By clicking the label link you can comfortably learn about the background and implications of the installation for which Leonard has provided this composition, originally conceived for playback in the dome of the glorious Hopkins Observatory in Williamstown, Massachusetts. An artistic director and professor at Boston’s Berklee College, Leonard is definitely capable of seizing otherwise unspoken connections when he creates. He relates to the cosmos with humility, “decoding” the atmosphere around him so that the notes released find a meaningful correspondence with the environment.

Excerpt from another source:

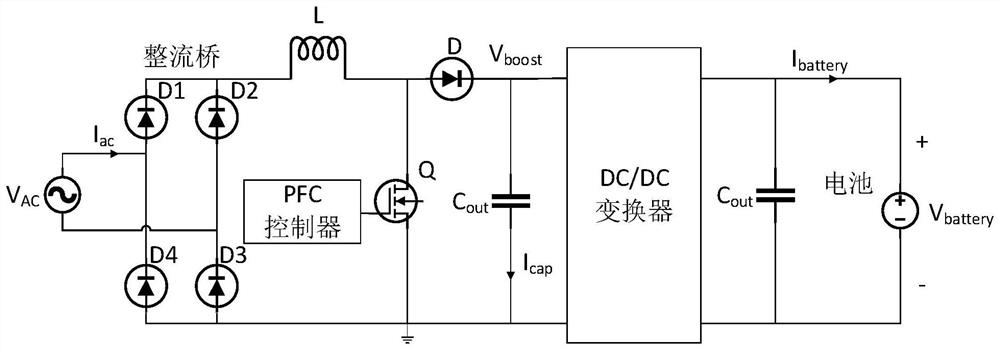 Power converter controlled capacitor circuits and control method thereof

The levity typifying the music even during the slightly darker sections is suggestive of a state of spiritual ease, despite the unfortunate historical climate. Lingering tones and ethereal loops alternate with a well-considered restyling of that same structural simplicity, occasionally turning into amiably amorphous sound creatures. A “dazed-but-not-confused” aura informs the entire runtime, with plenty of room to relax and mentally probe the surroundings and the unconscious. Somewhere, I detected remote echoes of familiarity with something that could not be identified. Those fleeting instants immediately gave the spotlight back to Leonard’s weavings, oscillating between unearthly and cantabile.
Sonance For The Precession is an excellent companion for the rare quiet hours we’re left with.